I like Mark, and feel he has done more than anyone else revealing the Pyramids. Saying he "could tweak his theory and get it close", is unsupported. "a couple errors". Can you provide a source for that, and where the errors took place? Mark Lehner is a skilled draftsman, and has written several good books. Are there illustrations as to Pyramid construction?
It's the 1-2 stones per minute within a 20-30 years build rate, that dispels the greater amount of proposals. And, this is why that math is never supplied. Even with the Funicular, I have problems. A barge carrying 12 stones need to be pulled of the top of the Causeway every 12 to 16 minutes. That only leaves the possibility, the barges were placed a short distance apart, as in Tandem. Also reduces the rope needing to be long, as there were many of them combined. Do this, and it becomes plausible. It works.

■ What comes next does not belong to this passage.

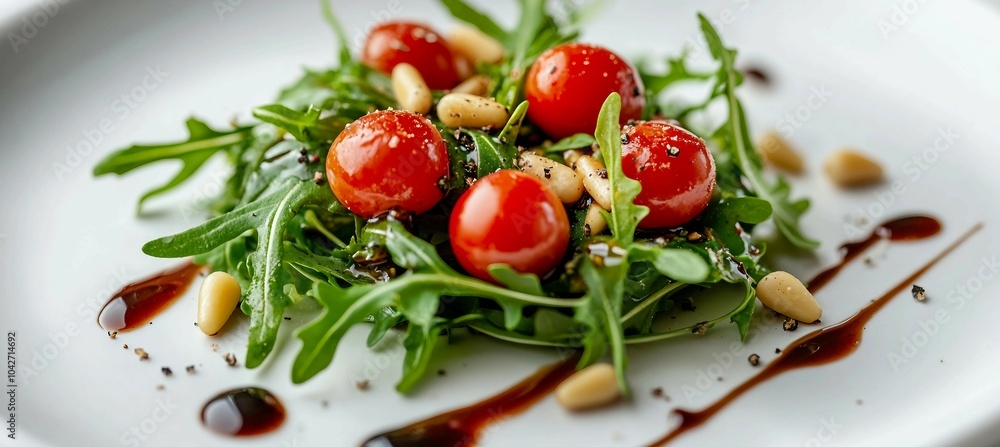 Fresh Arugula Salad with Cherry Tomatoes and Pine Nuts Fresh Arugula Salad with Cherry Tomatoes and Pine Nuts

You can design and propose all kinds of methods, but as a matter of fact, if you can't show, how it would be done, under the (1-3 stones / 20-30 year) constraint, what good is it? It's unrealistic. Can it be done? I am trying to answer that. Mark Lehner's discovery of small catering / sleeping quarters put even a higher strain on proposals. Now you can't have that many men either. In my mind, that kills the stone puller ramp nonsense. There is no evidence that many men were feed, or able to sleep.

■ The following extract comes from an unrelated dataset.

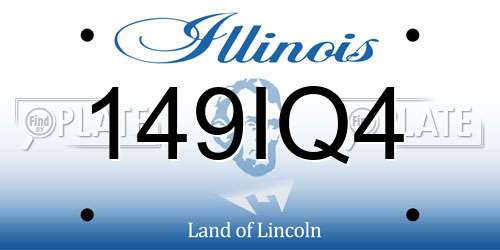 149IQ4 Illinois License Plate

They spent 10 years preparing according to Herodotus. Herodtus Machines would not be able to withstand the above scrutiny. That approach trying to lift one stone one level at a time, is impracticable. I do believe however, Herodotus was correct, that they spent a great deal of time preparing. Which came first? The Causeway or the Pyramid(s)? Common sense dictates the Causeway came first. If they prepared, they would have had ready many cut blocks, 10 years worth of cutting blocks, and the barges to carry them. They had already quarried many of the stones. They did not, as so many believe, quarry a stone, and drag up to be fitted. That was not the order. They planned the building project. That cut/haul/fit is for the simplistic minds, who don't understand construction readiness, and procedures.

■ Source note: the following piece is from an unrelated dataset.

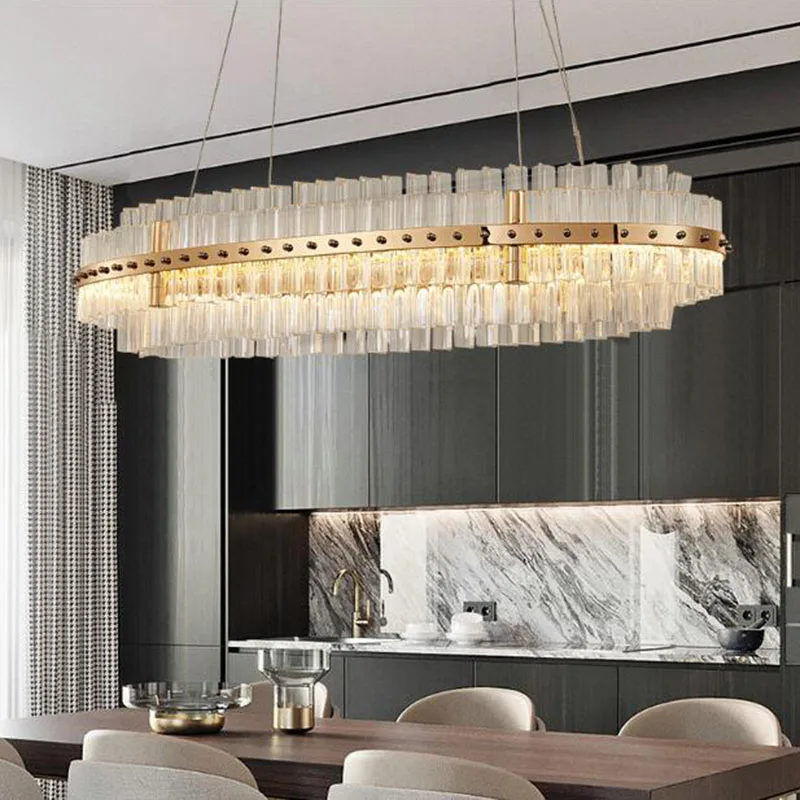 Овальная Современная хрустальная люстра для столовой кухни остров Висячие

>Herodotus in EgyptHerodotus is suspected of having embellished – or made up entirely – some of his historical accounts, but scholars generally accept this particular account as Herodotus provides otherwise reasonable accounts of Egypt and it would have been quite possible for someone living in Halicarnassus to safely and easily travel to Egypt during Herodotus' lifetime. Trade existed between the Greek City States and the kingdom of Egypt. In Egypt Herodotus is thought to have conversed with locals on the matter.' descriptionHerodotus provides a description of the process in Histories.The pyramid was built in steps, battlement-wise, as it is called, or, according to others, altar-wise. After laying the stones for the base, they raised the remaining stones to their places by means of machines formed of short wooden planks. The first machine raised them from the ground to the top of the first step. On this there was another machine, which received the stone upon its arrival and conveyed it to the second step, whence a third machine advanced it still higher. Either they had as many machines as there were steps in the pyramid, or possibly they had but a single machine, which, being easily moved, was transferred from tier to tier as the stone rose — both accounts are given and therefore I mention both. The >upper portion of the Pyramid was finished first, then the middle and finally the part which was lowest and nearest to the ground.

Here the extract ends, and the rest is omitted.